Old Philosophy #8: "If an item – large or small – has sentimental value, you should keep it."
Why? Because, you know, if you keep it, you keep the person. Um, I guess not.
Or is it, if you don't keep it, something bad will happen? I don't think so.
But it is hard to let go. And we probably shouldn't let all of it go!...unless we're going to a monastery or going to live in the wild as a hermit or to travel the world with only a backpack. But even then, we might want to ask someone else to keep it for us. But what is "it"? How much is it?

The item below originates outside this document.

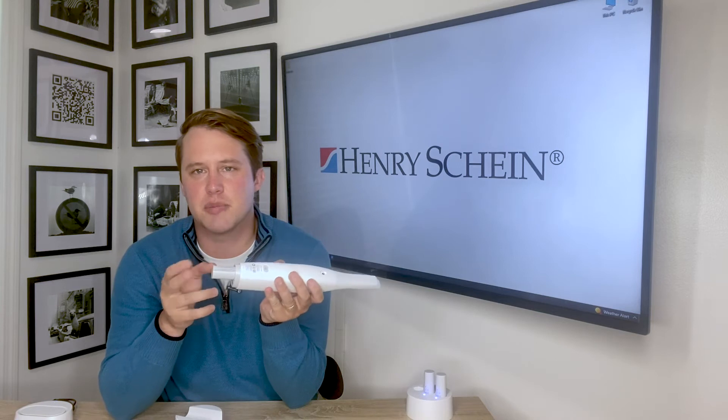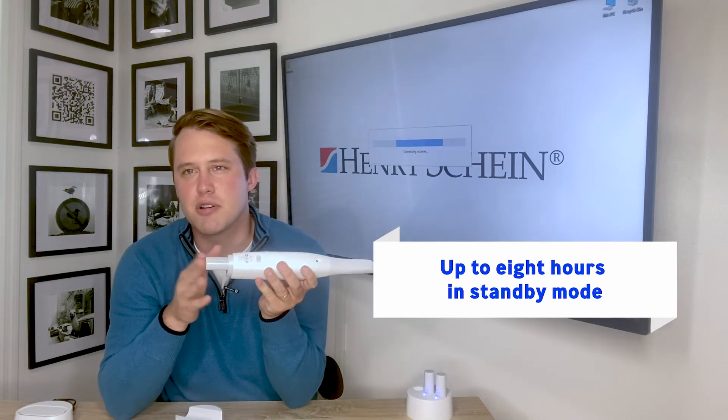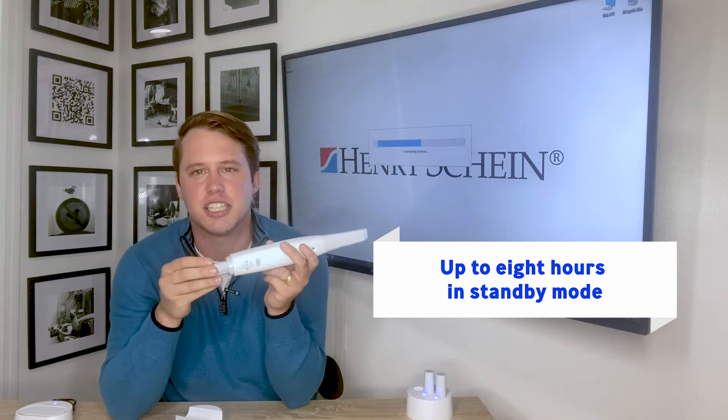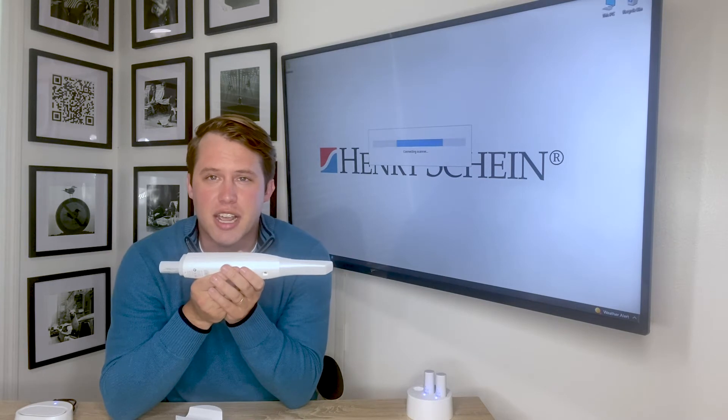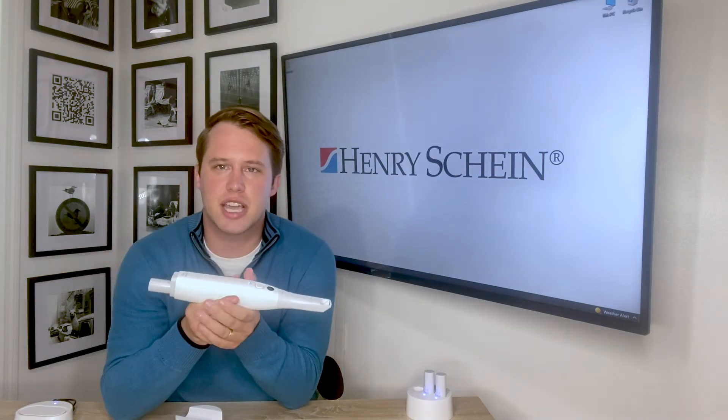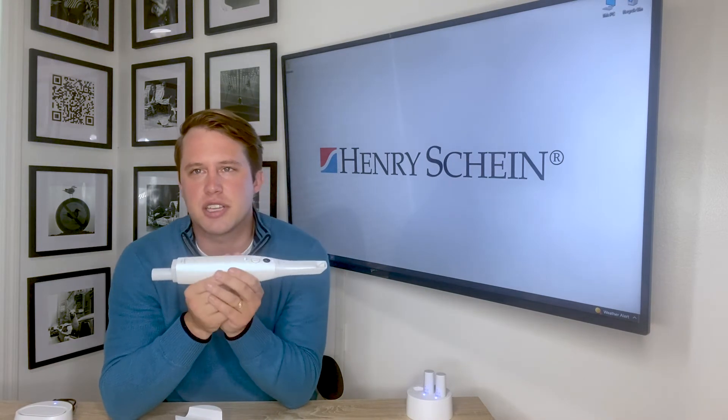Each battery also lasts about eight hours on standby mode. What I like most is that the intelligent power management technology enabled in the scanner immediately allows you to start scanning once it wakes up from standby mode — so you don't have to wait for the scan tip to heat up. You can start scanning right away.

We don't have to keep the house, the old car, all the furniture, the jars of canned goods, and all the knick-knacks and linens that a relative left, just because we feel sentimental. For most of us, it's too much. So then we have decision time.
And sometimes it's hard just to sort through the sentimental stuff. Different methods work for different people but here's one thing I've found to do. I make a list of things I really, really want to keep, things that, even if I were to down-size drastically, I would want to keep. For example, some of you know - and maybe some of you don't - that one of our sons passed away two years or so ago. Paul loved elephants all his life. Toward the end of his life, he got to pet an elephant! Paul had a collection of elephants but a lot of the trunks had broken off in various moves. I don't need to keep all the elephants. But he had a little Monopoly-token elephant that I scooped up and put in my pocket. I keep it in my jewelry box, and sometimes, when I'm missing him, I put it in my pocket again for a day.
I have a little mosaic cross that belonged to my mother as a necklace. I had one just like it, in another color, as a child, but I lost mine along the way. My mom's cross is not in the colors that I wear, but I keep it in my jewelry box because it makes me think happily of both my mom and of my childhood. There are other things I keep that my mom made or used, but I don't feel the need to keep everything, just what I truly enjoy using or displaying.
How many, and which, sentimental things to hang on to is a very personal decision. But for me, some of it comes down to whether it's something that brings happy memories, not tending toward guilt or depression...and to following my 'numbers rule'...for example, I can keep a couple of Paul's elephants, but I don't have to keep all of the elephants.
And before I pass something along, I try to take a picture of it...or perhaps write a story about it.
How do you preserve happy, loving memories of people or times in your life?